C’était hier, c’était Noël.

Un whisky, un pastis, un Kir ? Champagne ?

Allez Champagne c’est Noël !

Foie gras ?

Ah oui ! Bien sûr, foie gras !

Dans une assiette blanche, sur une feuille de salade était posée la tranche de foie gras.

D’un geste convenu, presque distrait, j’avançai le couteau et la lame s’enfonça en glissant doucement dans la profondeur moelleuse,  lorsque s’en échappa soudain un formidable cri ! Le foie avait crié ! Un cri horrible, rauque, puissant. J’ignorais jusque là l’invraisemblable cri du foie gras et j’en fus saisi d’un frisson glacé. C’était quelque chose d’étrange, d’anti-naturel, qui ne pouvait exister. Pourtant je le gardais quelques instants dans l’oreille, persistant, réel. 

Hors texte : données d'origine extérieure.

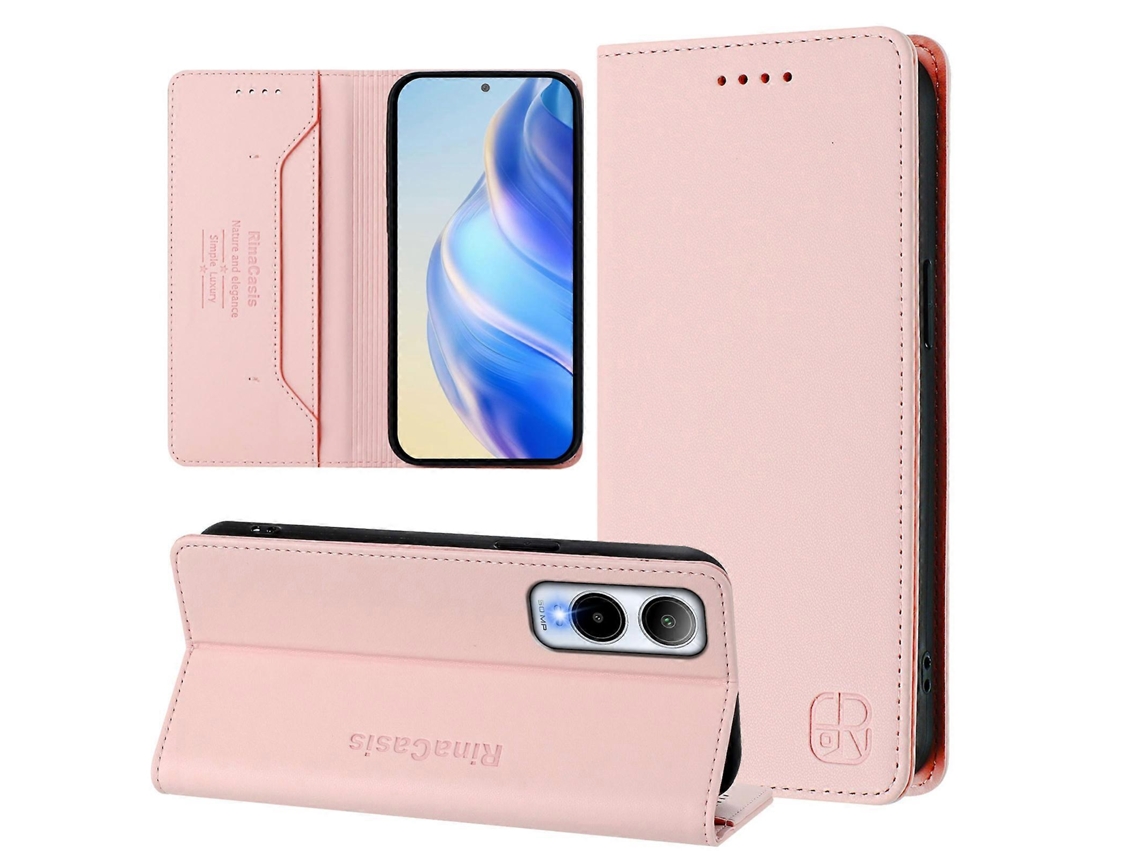 Capa De Couro Para Celular Rc01 Com Dupla Dobra Magnética E Rfid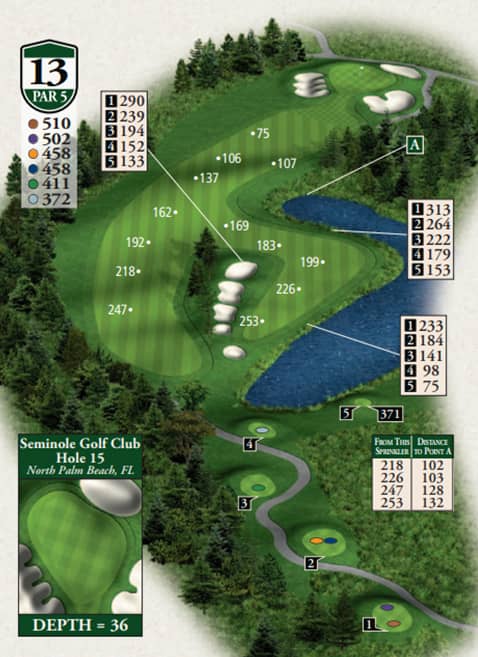 Highlands Donald Ross Memorial Course Hole 13 yardage map
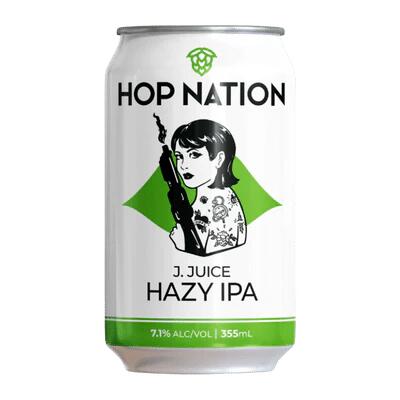 Hop Nation J-Juice Hazy IPA 355ml Can – 4 Pack Booze Buddie Hop Nation J-Juice Hazy IPA 355ml Can - 4 Pack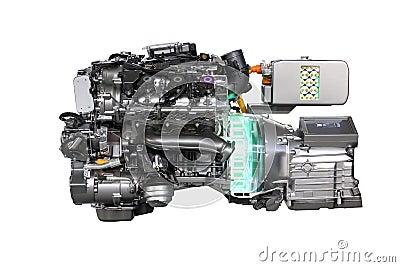 V6 car hybrid engine Stock Photo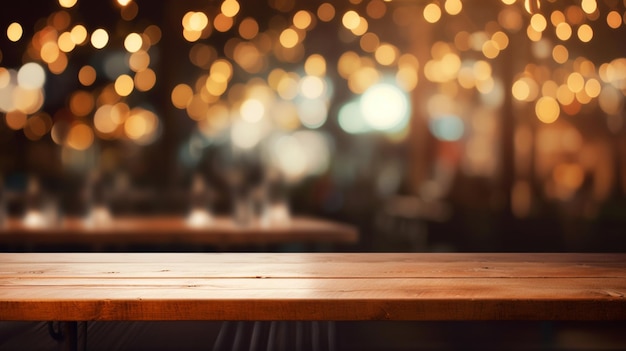 Empty wooden table background and bokeh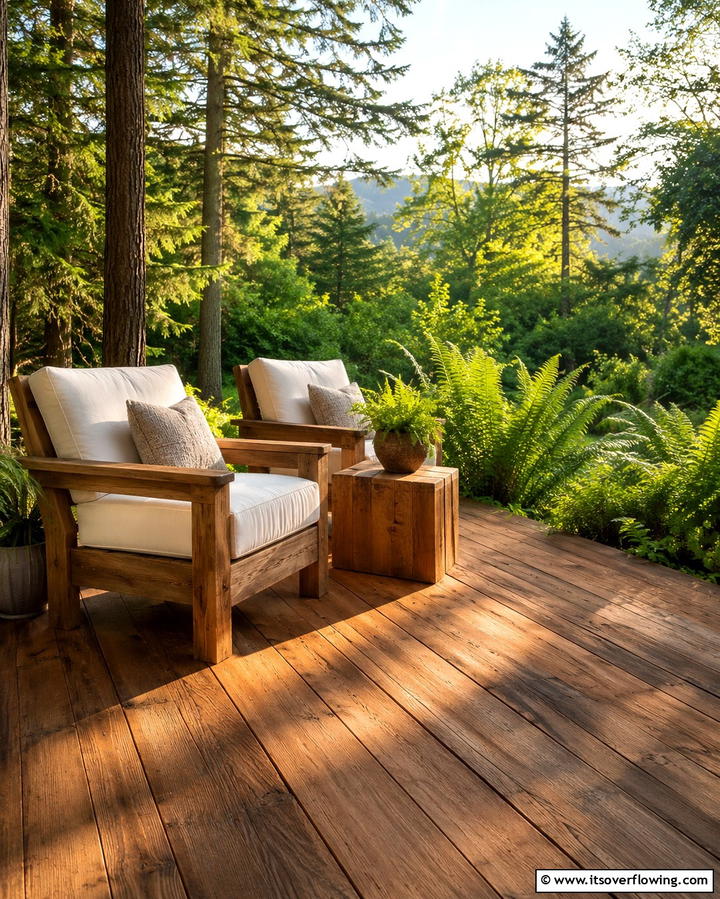 Rustic Wood Platform Deck - 30 Platform Deck Ideas to Elevate Your Backyard Design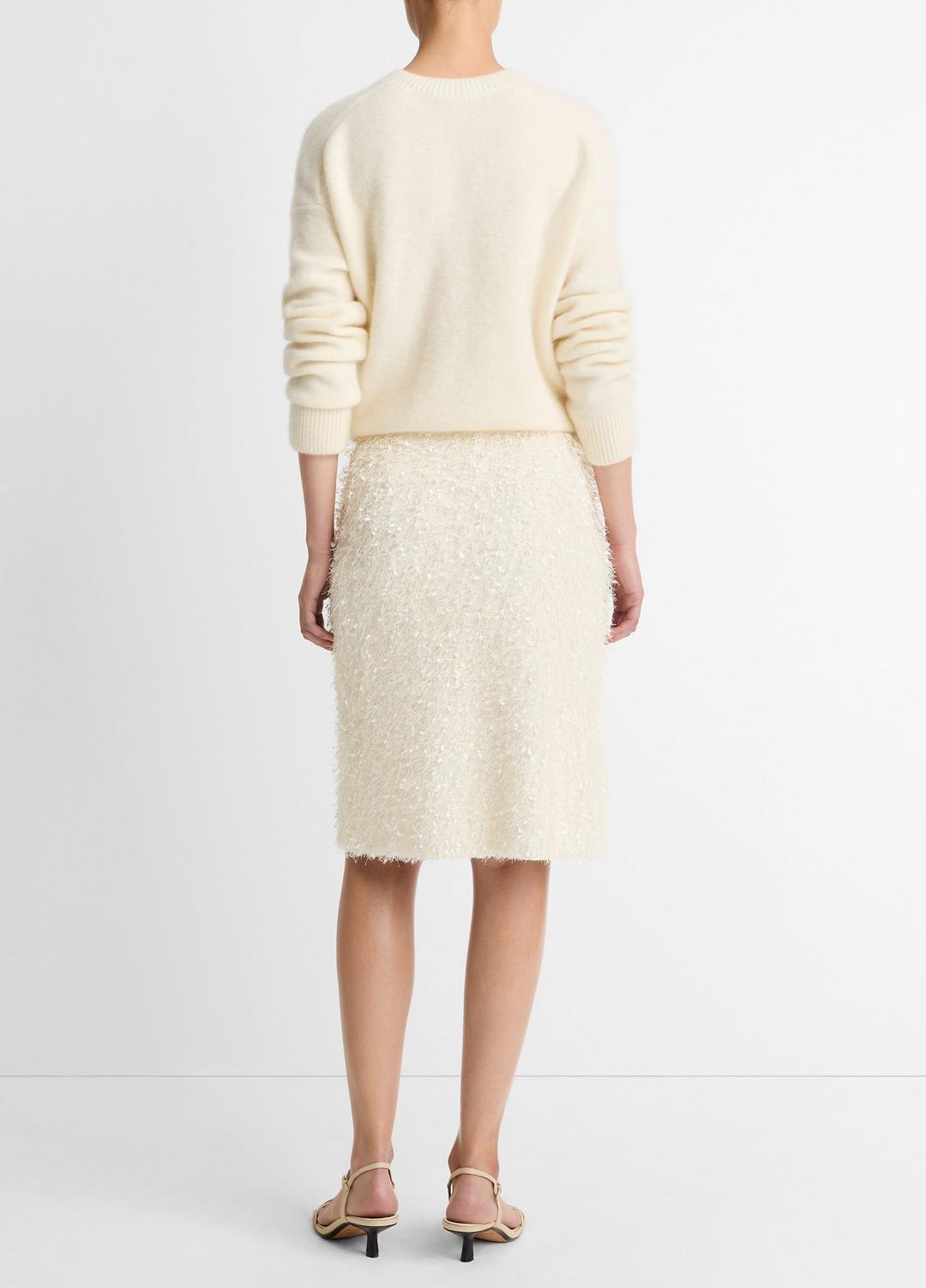 Feathery-Fringe Knee Skirt in Skirts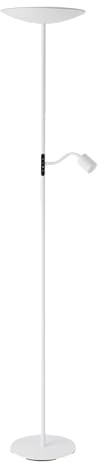 Eglo Lampadaire salon LED Conivarino, lampe de lecture sur pied, lèche-plafond avec liseuse flexible, à intensité variable, luminaire en acier blanc, blanc chaud, 170 cm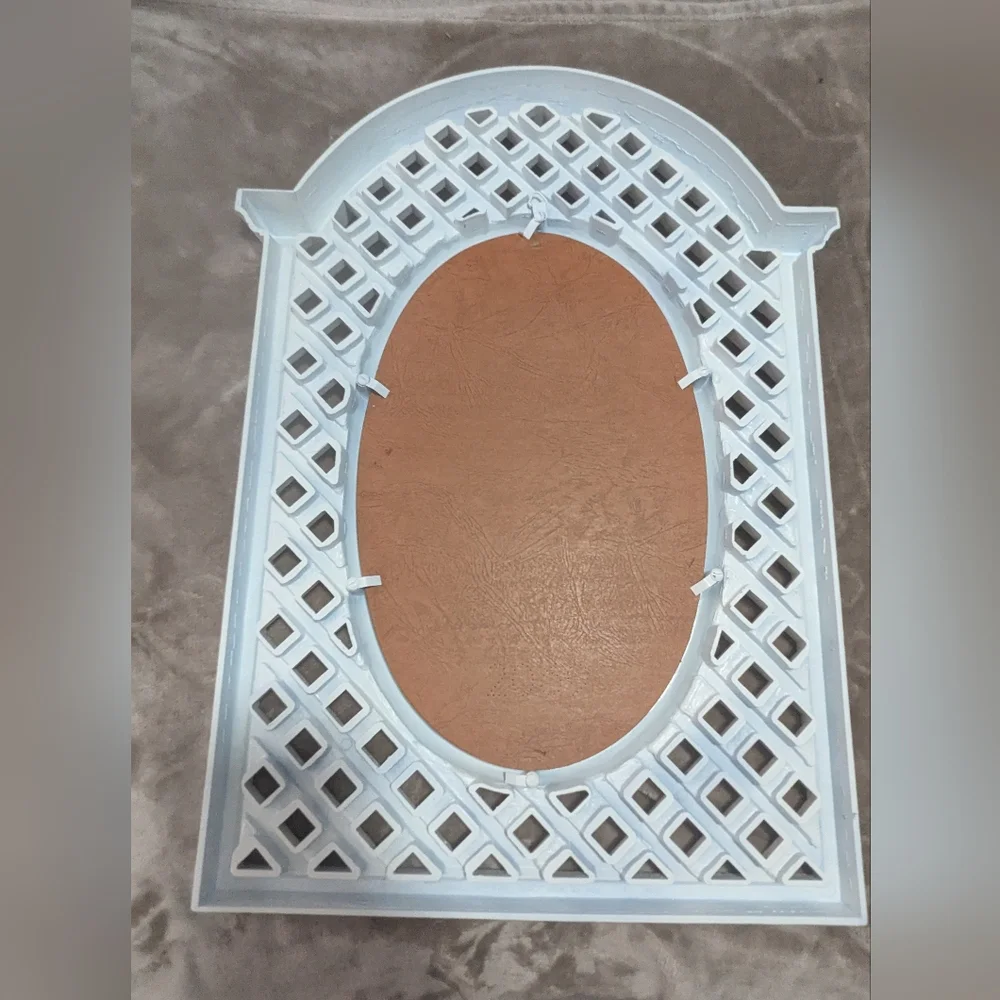 Vintage Burwood White Resin Lattice Mirror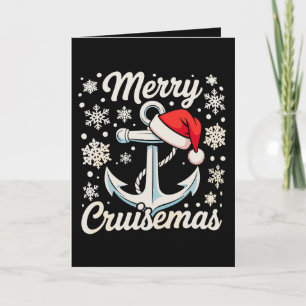 Tarjeta Feliz Crucero de Navidad Ancla Sombrero de Santa N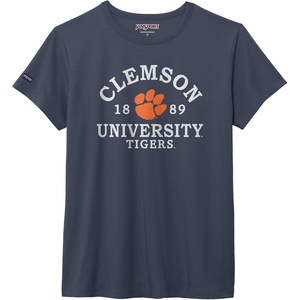 JanSport NCAA Officially Licensed Graduate Short Sleeve T Shirt for Women, Soft & Breathable Cotton-Polyester Blend Crewneck T Shirt with Graphic Detailing, Everyday University Fan Apparel(Clemson Tigers)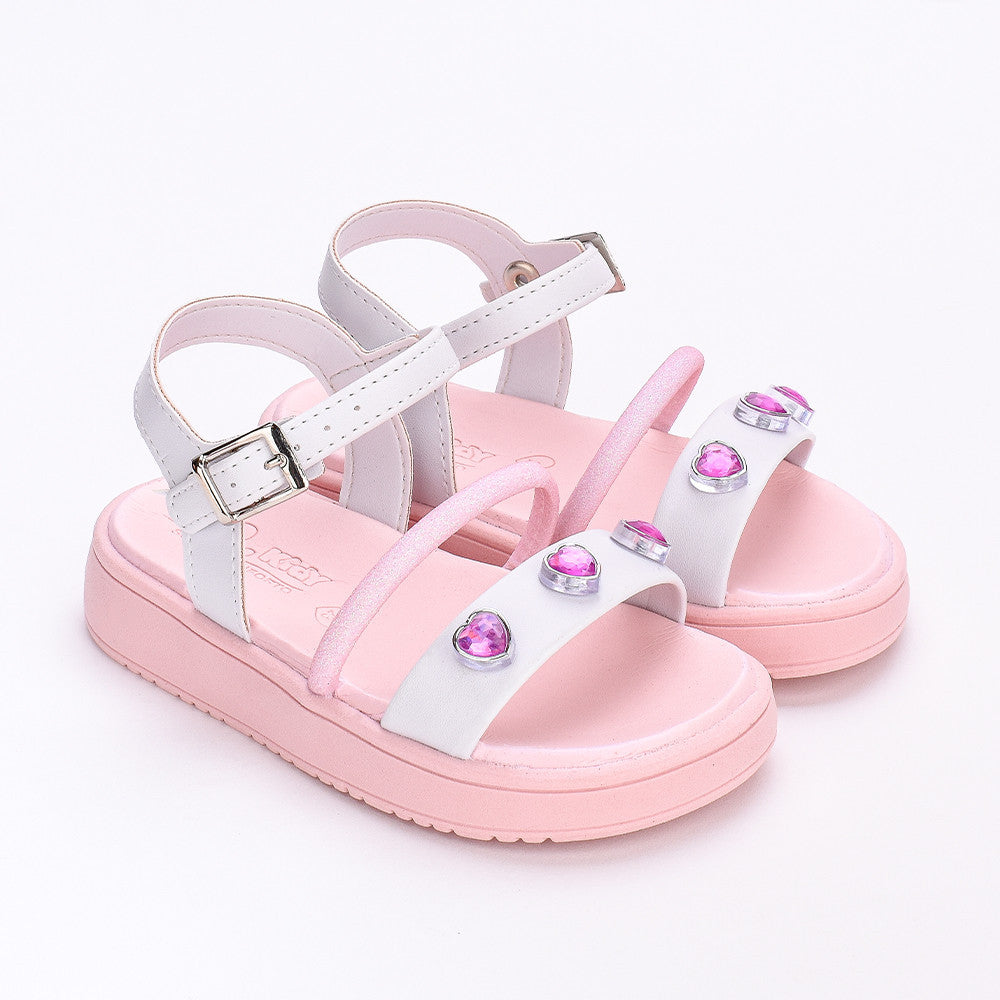 SANDÁLIA MENINA KIDY MINI FLAT FORM BRANCO/ROSA COM BRINQUEDO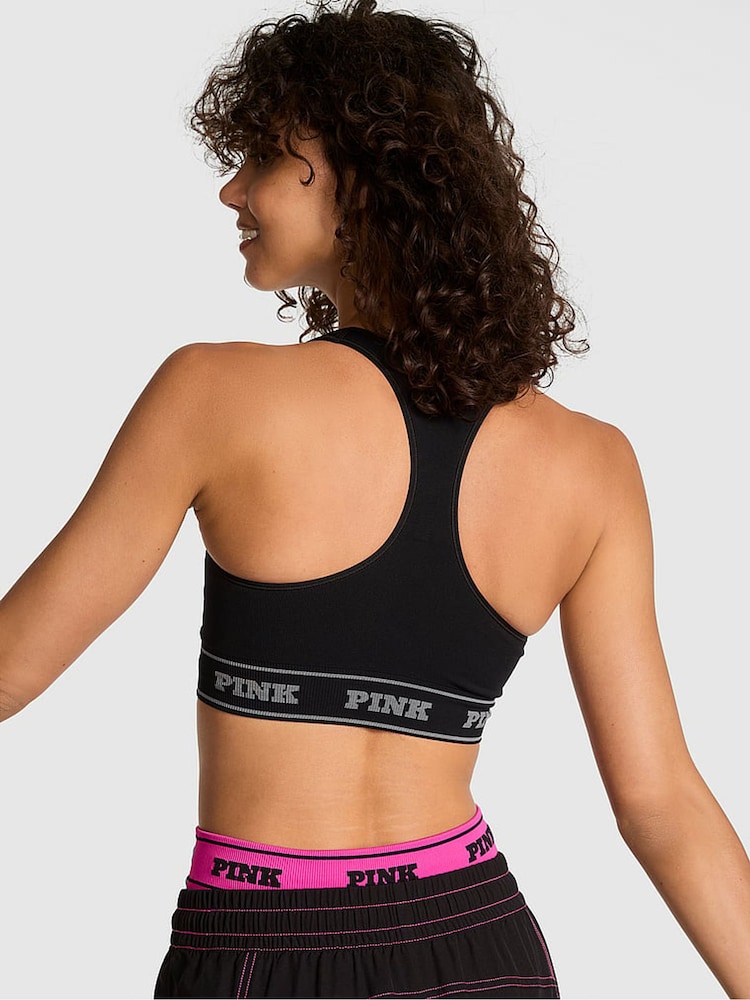 Victoria's Secret PINK Black Rose Print Reversible Sports Bra - Image 2 of 3 Victoria's Secret PINK Black Rose Print Reversible Sports Bra - Image 2 of 3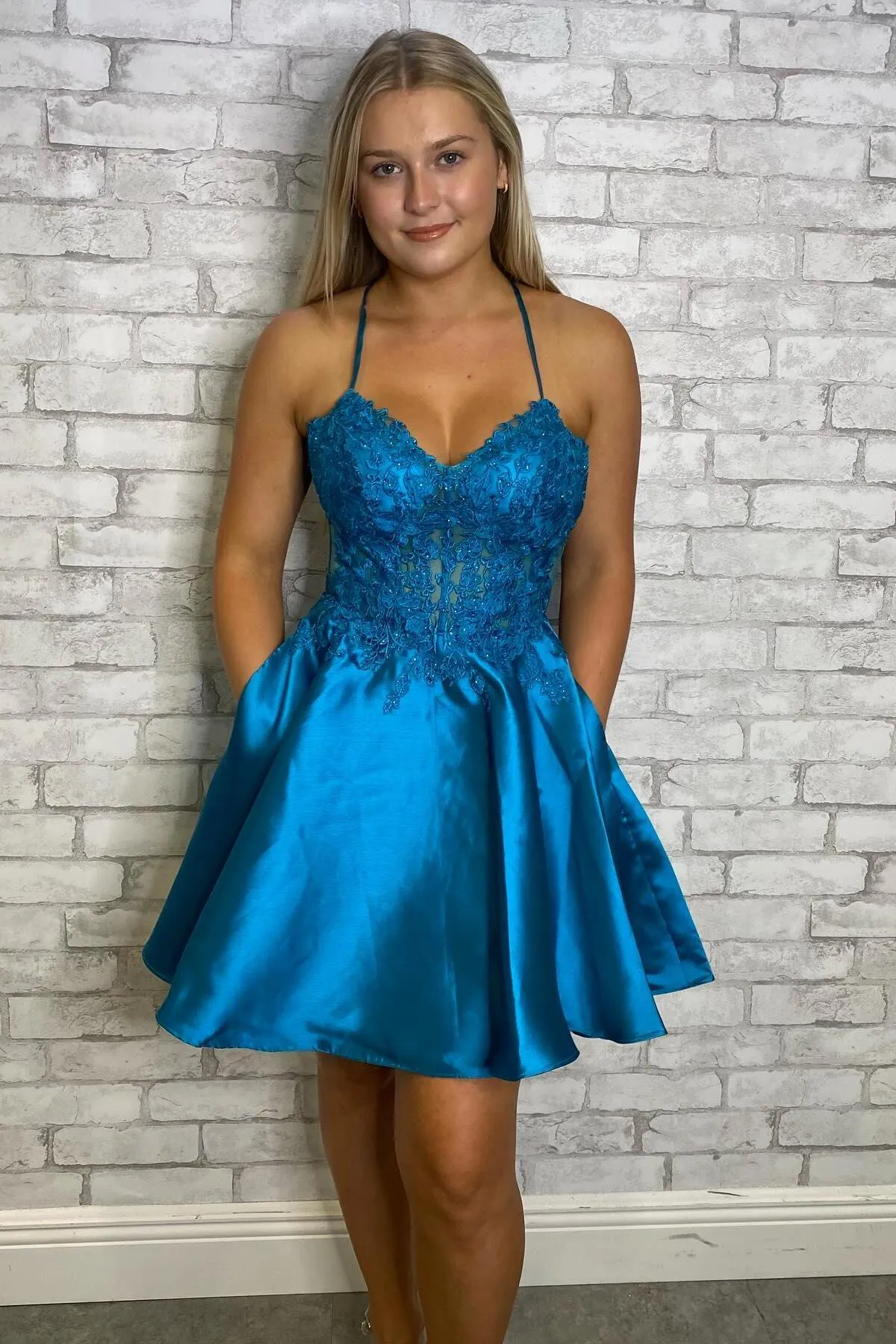 Straps Blue Appliques Satin A-line Short Dress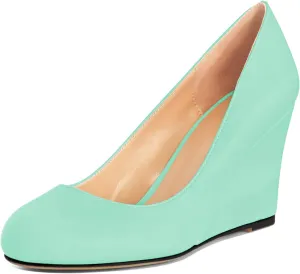 AUMOTED Women's Wedges Heel Pumps Solid Solid Closed Round Toe Wedge Pumps Slip On 3.5 Inch Wedge Suede Heels for Dress Working Evening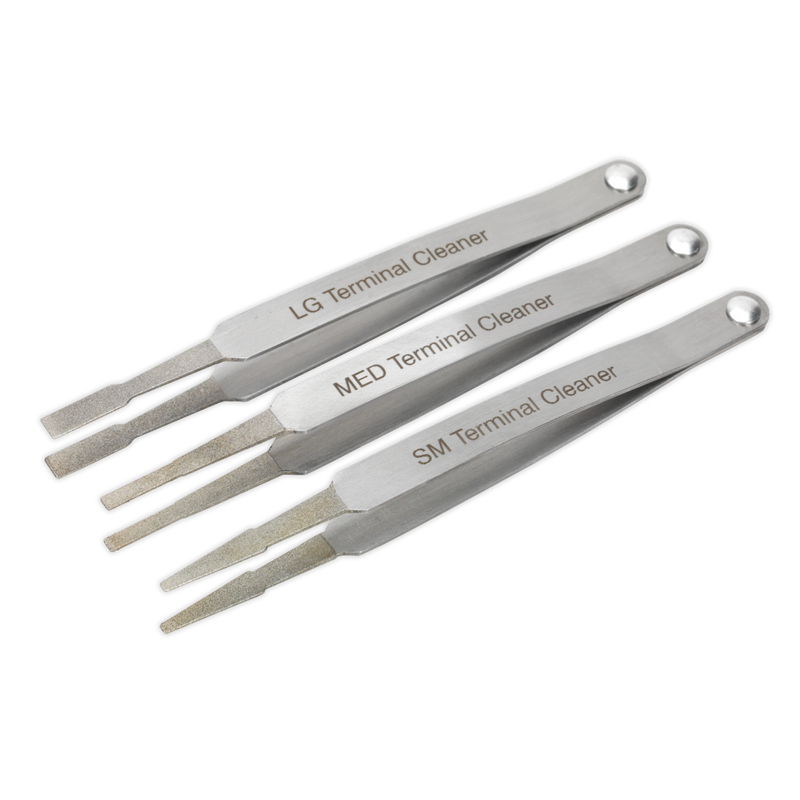 Sealey Diamond Grip Terminal Cleaner Set 3 Piece - 113mm Blade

Je n’avais pas encore bu, il fallait croire à une hallucination. J’approchai à nouveau le couteau de la tranche, il en sortit un cri encore plus atroce. Une douleur insoutenable montait autour de la lame, palpable, lourde, et trouvait un écho au plus profond de mon être. J’éprouvais tout à coup, bizarrement, comme un sentiment de compassion et de communion avec le foie dont j’imaginais la nostalgie : Vivant confortablement dans la chaleur des entrailles de son oie, un gant de caoutchouc l’en avait brutalement expulsé, l’arrachant à jamais à son bonheur douillet, sectionnant ses vaisseaux pour le jeter sur un marbre froid, avant d’être (mi)cuit, enserré sous vide dans sa prison de verre. Plus jamais il ne retrouverait son bonheur organique.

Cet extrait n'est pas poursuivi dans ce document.